Thanks, Andrew, for your review. Some replies:

Am 02.02.2007 02:13 schrieb Andrew Morton:
> On Thu, 1 Feb 2007 22:12:24 +0100
> Tilman Schmidt <tilman@...p.cc> wrote:
> 
>> +/* Kbuild sometimes doesn't set this */
>> +#ifndef KBUILD_MODNAME
>> +#define KBUILD_MODNAME "asy_gigaset"
>> +#endif
> 
> That's a subtle way of reporting a kbuild bug ;)
> 
> What's the story here?

If an object file is linked into more than one module (like
asyncdata.o which is linked into both ser_gigaset and usb_gigaset)
then Kbuild compiles it only once but cannot decide which of the
module names to put into KBUILD_MODNAME, so it takes the easy way
out and doesn't define KBUILD_MODNAME at all. I'm not sure if
that qualifies as a kbuild bug. I'd rather call it a limitation.

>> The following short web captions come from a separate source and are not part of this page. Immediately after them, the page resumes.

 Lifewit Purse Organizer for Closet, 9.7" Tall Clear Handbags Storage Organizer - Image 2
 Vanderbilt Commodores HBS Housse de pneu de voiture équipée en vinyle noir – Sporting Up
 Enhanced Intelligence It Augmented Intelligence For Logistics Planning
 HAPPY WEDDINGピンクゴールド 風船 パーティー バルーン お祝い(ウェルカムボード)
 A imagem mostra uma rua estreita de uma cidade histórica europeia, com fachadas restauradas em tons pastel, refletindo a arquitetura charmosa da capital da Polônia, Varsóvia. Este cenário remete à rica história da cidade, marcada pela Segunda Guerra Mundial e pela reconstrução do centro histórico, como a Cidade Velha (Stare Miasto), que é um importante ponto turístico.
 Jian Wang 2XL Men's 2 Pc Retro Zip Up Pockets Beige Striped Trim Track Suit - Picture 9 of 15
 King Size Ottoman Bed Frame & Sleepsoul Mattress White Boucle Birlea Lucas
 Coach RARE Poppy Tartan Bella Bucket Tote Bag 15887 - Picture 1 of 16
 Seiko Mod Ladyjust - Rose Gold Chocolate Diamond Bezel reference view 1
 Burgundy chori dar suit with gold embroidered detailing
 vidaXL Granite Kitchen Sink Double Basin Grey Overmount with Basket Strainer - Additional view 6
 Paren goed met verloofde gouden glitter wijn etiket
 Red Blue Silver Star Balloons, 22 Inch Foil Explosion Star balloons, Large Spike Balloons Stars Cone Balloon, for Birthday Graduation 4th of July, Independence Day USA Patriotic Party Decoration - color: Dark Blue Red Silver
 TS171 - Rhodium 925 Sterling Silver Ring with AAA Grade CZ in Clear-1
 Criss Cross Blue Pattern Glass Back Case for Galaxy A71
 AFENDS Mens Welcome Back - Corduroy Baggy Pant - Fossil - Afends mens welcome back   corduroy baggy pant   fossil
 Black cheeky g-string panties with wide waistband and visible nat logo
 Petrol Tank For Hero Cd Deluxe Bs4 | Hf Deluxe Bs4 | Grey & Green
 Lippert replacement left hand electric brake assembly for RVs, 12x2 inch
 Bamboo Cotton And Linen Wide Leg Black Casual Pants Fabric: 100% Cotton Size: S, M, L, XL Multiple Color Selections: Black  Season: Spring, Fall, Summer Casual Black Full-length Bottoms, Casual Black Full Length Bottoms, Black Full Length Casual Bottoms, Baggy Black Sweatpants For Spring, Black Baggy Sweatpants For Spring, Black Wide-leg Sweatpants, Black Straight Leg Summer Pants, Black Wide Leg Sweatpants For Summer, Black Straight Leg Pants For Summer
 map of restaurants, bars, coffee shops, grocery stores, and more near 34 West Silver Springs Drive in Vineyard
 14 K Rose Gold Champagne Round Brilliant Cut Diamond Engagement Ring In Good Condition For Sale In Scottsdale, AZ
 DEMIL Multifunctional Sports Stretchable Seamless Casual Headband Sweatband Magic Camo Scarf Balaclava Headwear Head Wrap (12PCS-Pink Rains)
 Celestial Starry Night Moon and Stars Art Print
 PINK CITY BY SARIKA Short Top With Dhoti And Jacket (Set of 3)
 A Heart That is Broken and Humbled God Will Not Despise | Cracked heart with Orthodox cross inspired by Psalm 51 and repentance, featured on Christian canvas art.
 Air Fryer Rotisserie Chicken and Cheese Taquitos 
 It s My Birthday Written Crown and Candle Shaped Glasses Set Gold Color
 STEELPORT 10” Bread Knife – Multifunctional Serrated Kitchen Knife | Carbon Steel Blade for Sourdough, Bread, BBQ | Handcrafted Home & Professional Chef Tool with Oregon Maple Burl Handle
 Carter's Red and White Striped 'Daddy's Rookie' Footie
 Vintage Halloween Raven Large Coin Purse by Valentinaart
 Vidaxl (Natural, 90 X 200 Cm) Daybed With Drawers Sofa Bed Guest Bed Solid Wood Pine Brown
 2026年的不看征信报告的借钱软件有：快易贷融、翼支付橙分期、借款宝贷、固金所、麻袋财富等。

>> +static int write_modem(struct cardstate *cs)
>> +{
>> +	struct tty_struct *tty = cs->hw.ser->tty;
>> +	struct bc_state *bcs = &cs->bcs[0];	/* only one channel */
>> +	struct sk_buff *skb = bcs->tx_skb;
>> +	int sent;
>> +
>> +	if (!tty || !tty->driver || !skb)
>> +		return -EFAULT;
> 
> Is EFAULT appropriate?

It hardly matters, as it isn't propagated anywhere. -1 would
work just as well.

> Can all these things happen?

Theoretically no, but this is called from a tasklet and I have
already traced a bug which made one of these disappear. Not
having the kernel crash completely in such an event considerably
helps debugging.

>> +	set_bit(TTY_DO_WRITE_WAKEUP, &tty->flags);
> 
> Is a client of the tty interface supposed to be diddling tty flags like this?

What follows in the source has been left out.